Starting at the line that contains "Prolenta Premium - Jardinière", write out every line through the end of the records exactly as it stands, and leave out all pictures.

Data entries:
---
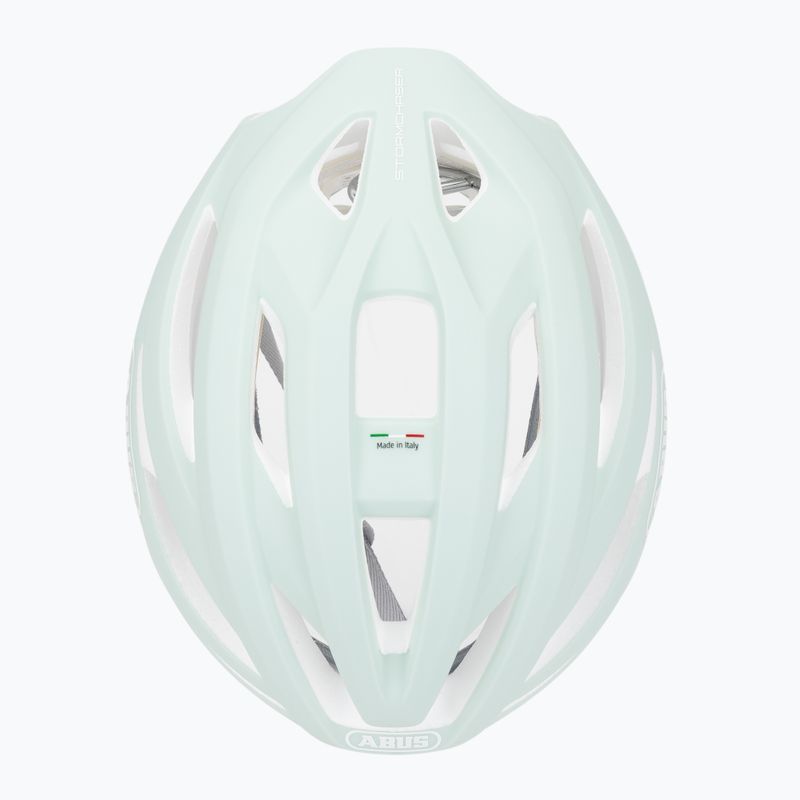 Cască de ciclism ABUS StormChaser Ace pure mint 6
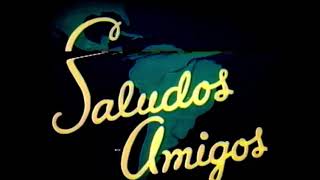 Saludos Amigos 1942 Latin American Spanish VHS [upl. by Kolnos]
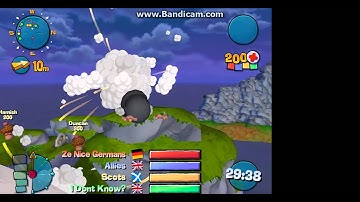 Worms 4 Mayhem tweaked weapons 2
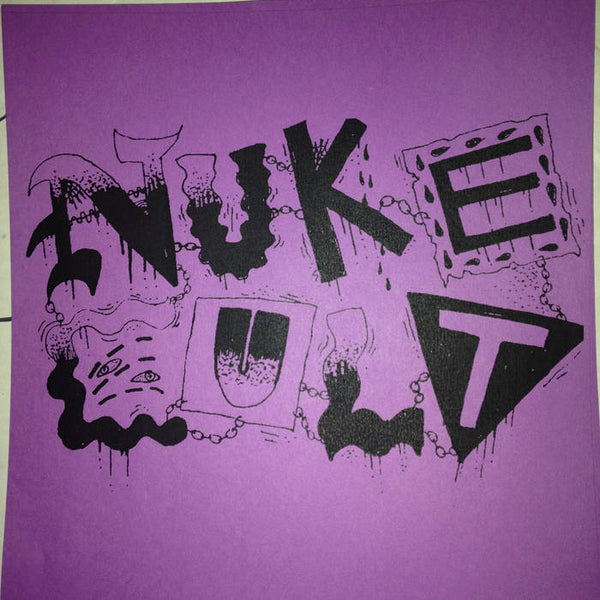 Nuke Cult "Stress Relief" 7"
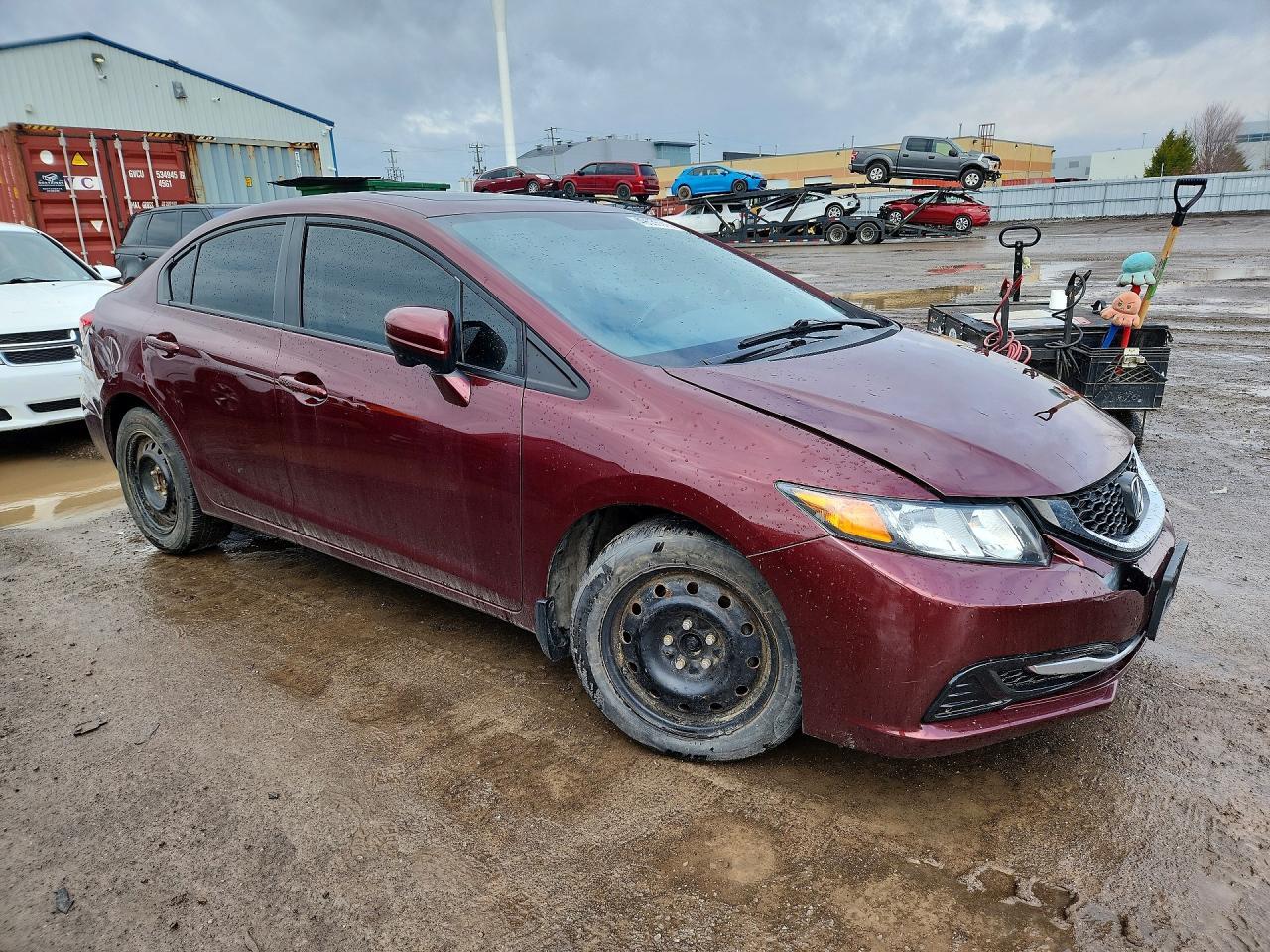 2015 Honda Civic Lx - Фото 4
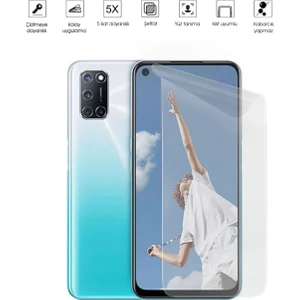 Kip GSM Oppo A92 Ekran Koruyucu Nano Temperli Esnek Koruma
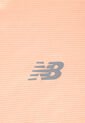 Camiseta new balance Sport Essentials Naranja de New Balance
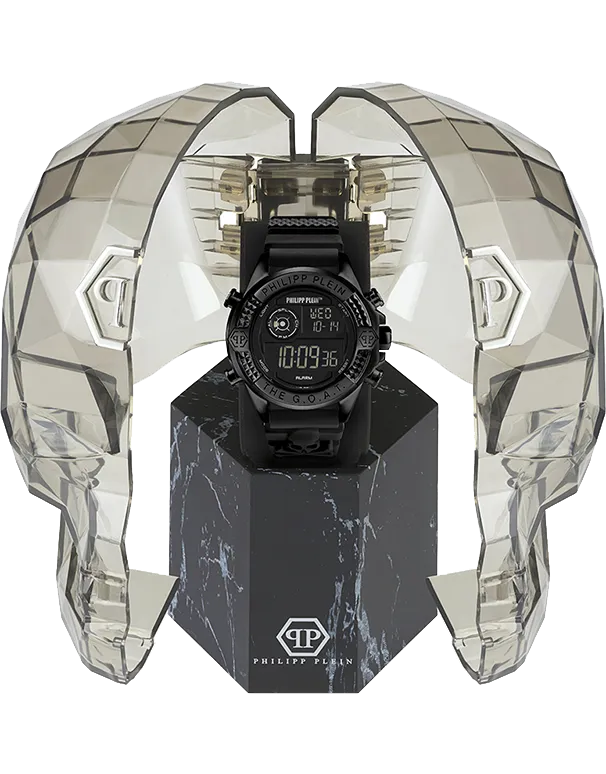Philipp Plein - The Goat Digital Black 44mm Watch - PWFAA0221 - 788094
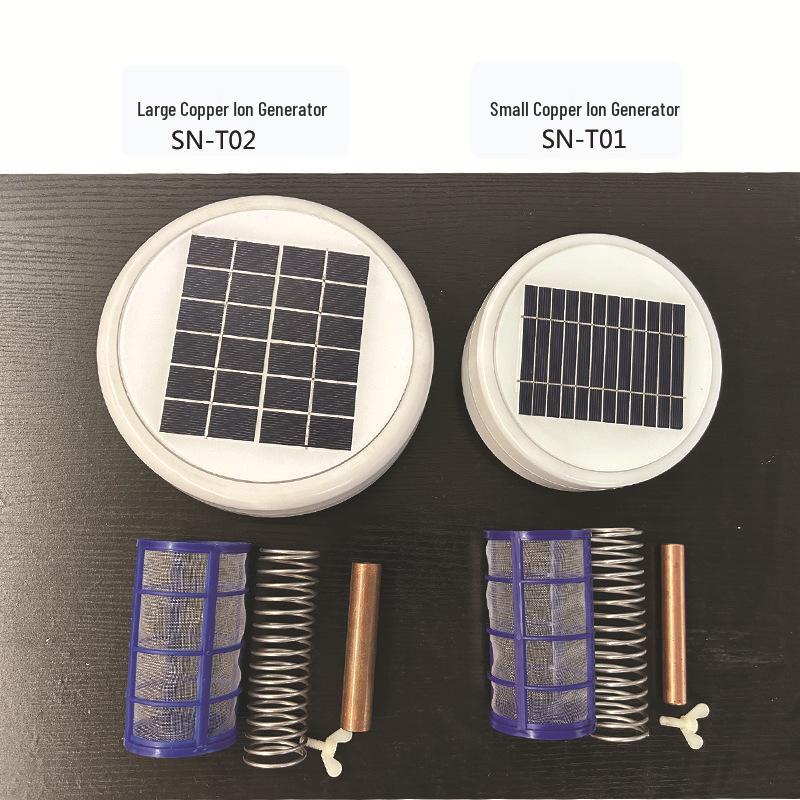 Solar Pool Ionizer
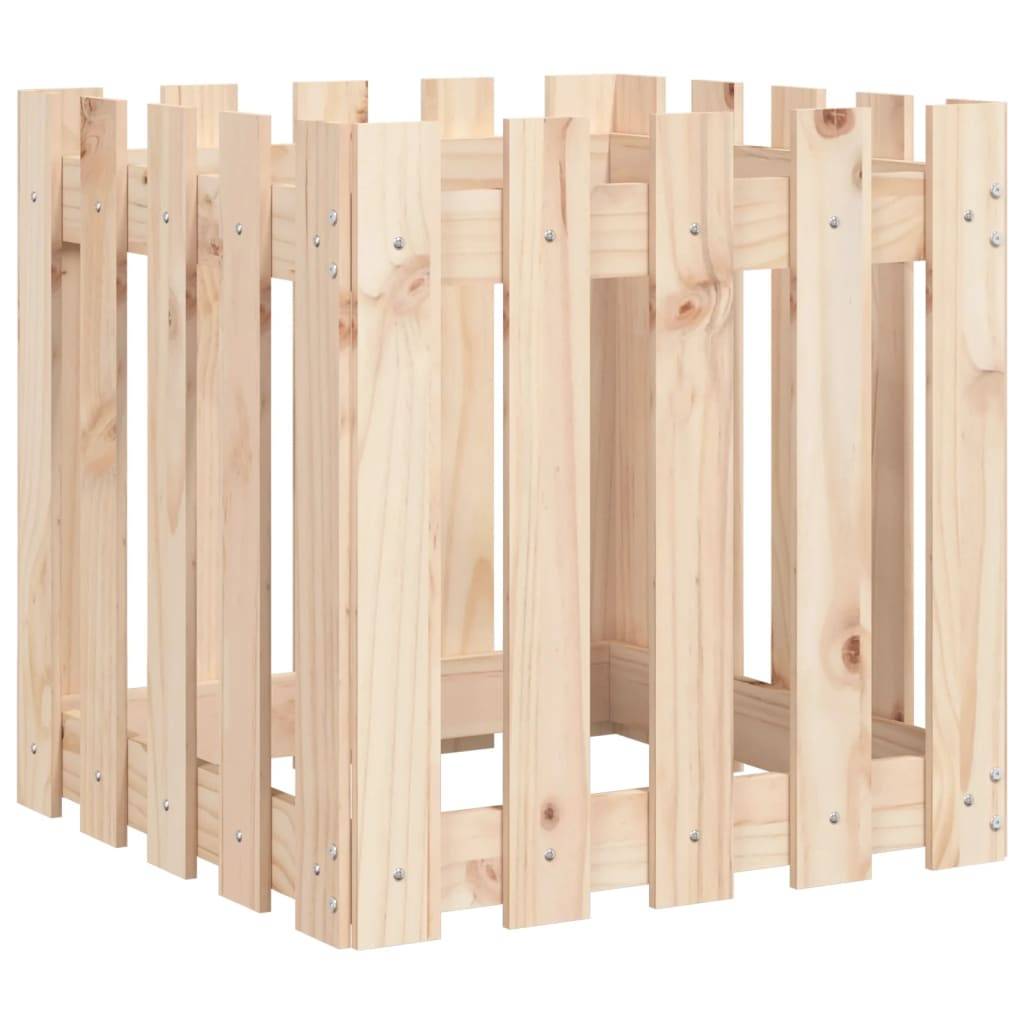 Prolenta Premium - Jardinière bois marron  50 x 50 x 50 cm  - Prolenta premium p320.5 - Image 4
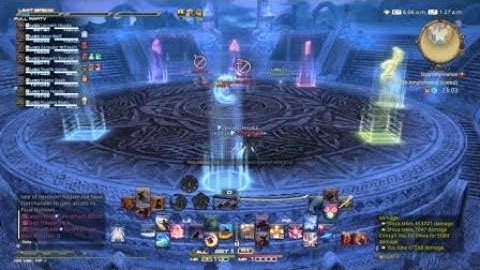 FFXIV - Shiva (Unreal) clear - Samurai pov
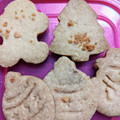あつにゃんこ's cooksnap of when they made 型抜き簡単サクサククッキー！卵不使用.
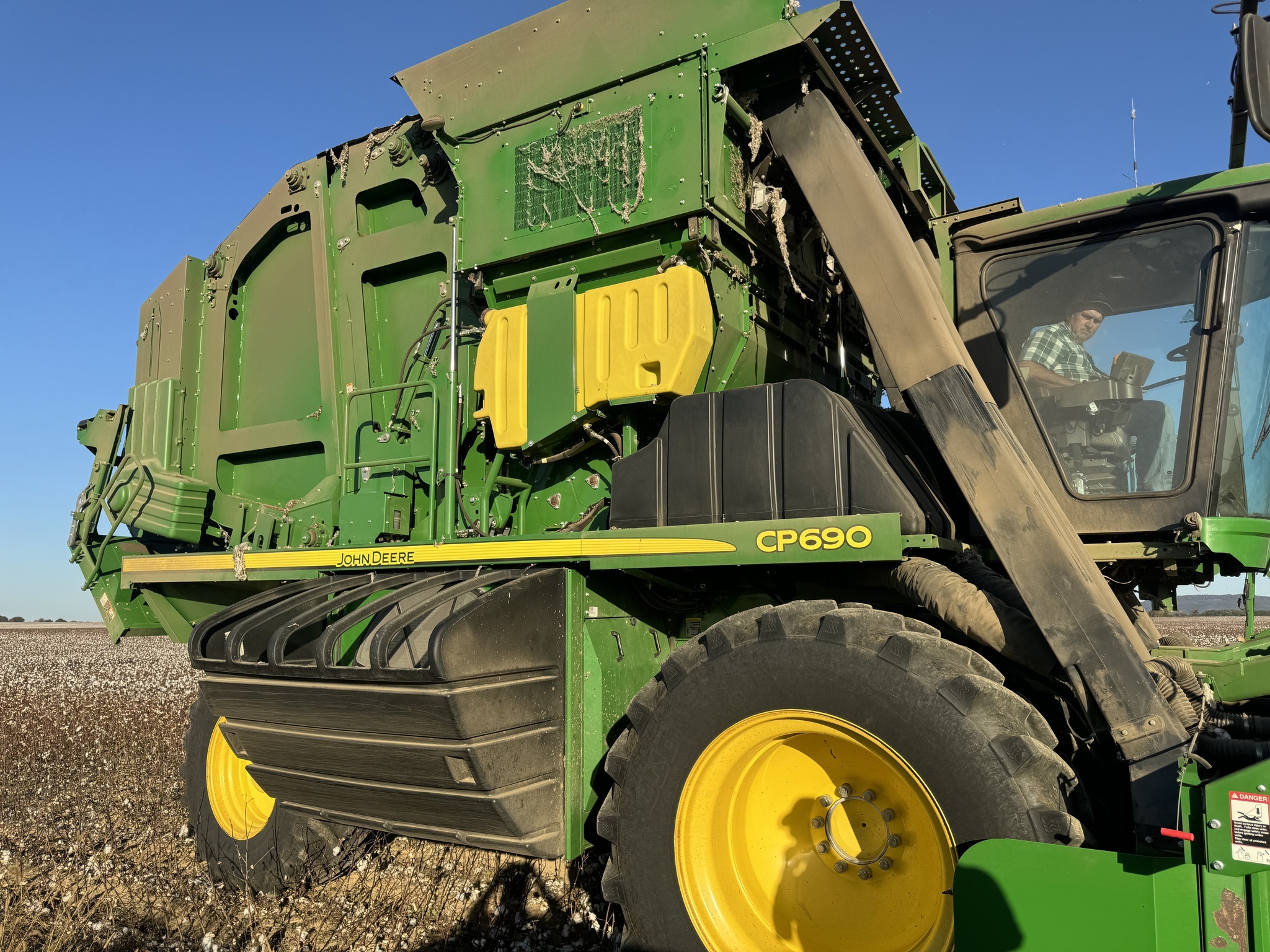2020 John Deere CP690 Cotton Equipment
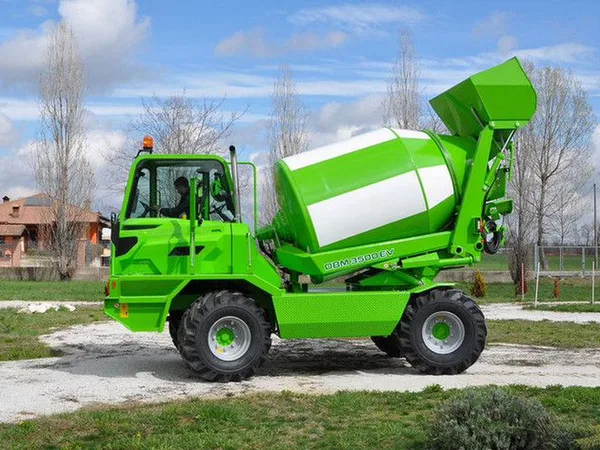 Самоходный бетоносмеситель Merlo DBM 3500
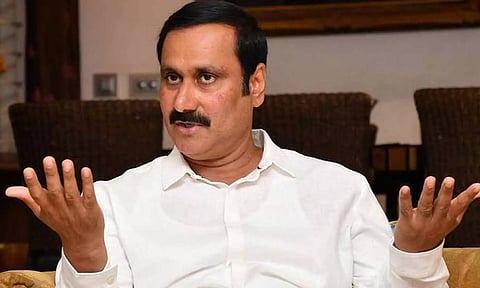 ஓய்வு பெற்ற காவல் அதிகாரி கொலை: தமிழகத்தில் சட்டம்- ஒழுங்கு எங்கே இருக்கிறது? அன்புமணி ராமதாஸ்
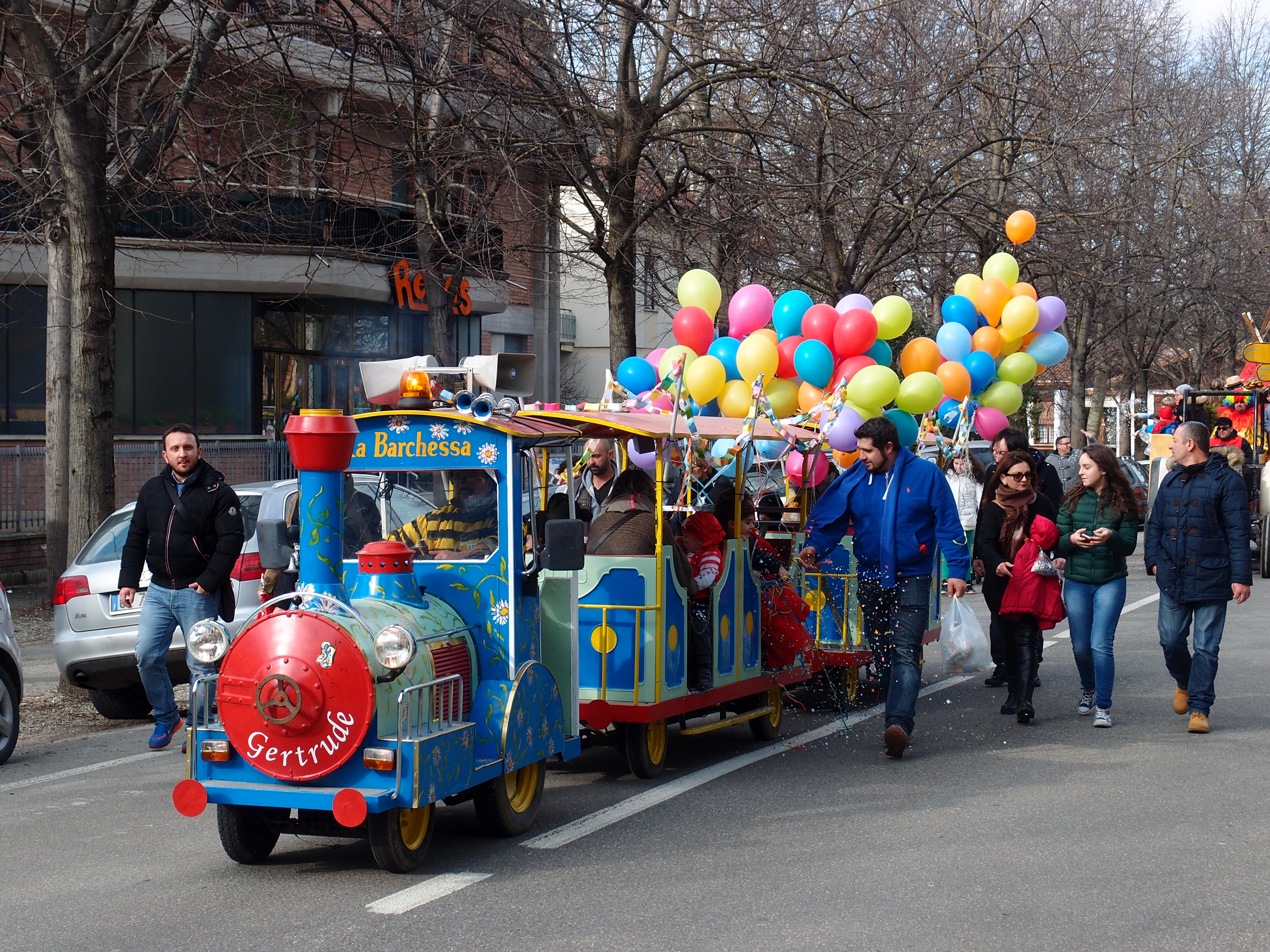 IL CALENDARIO DEL CARNEVALE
---
■ **Answer to the exercise**:
 Prolenta Premium - Jardinière bois marron  50 x 50 x 50 cm  - Prolenta premium p320.5 - Image 4
 FFXIV - Shiva (Unreal) clear - Samurai pov
あつにゃんこ's cooksnap of when they made 型抜き簡単サクサククッキー！卵不使用.
2020 John Deere CP690 Cotton Equipment
 Самоходный бетоносмеситель Merlo DBM 3500
 ஓய்வு பெற்ற காவல் அதிகாரி கொலை: தமிழகத்தில் சட்டம்- ஒழுங்கு எங்கே இருக்கிறது? அன்புமணி ராமதாஸ்
 IL CALENDARIO DEL CARNEVALE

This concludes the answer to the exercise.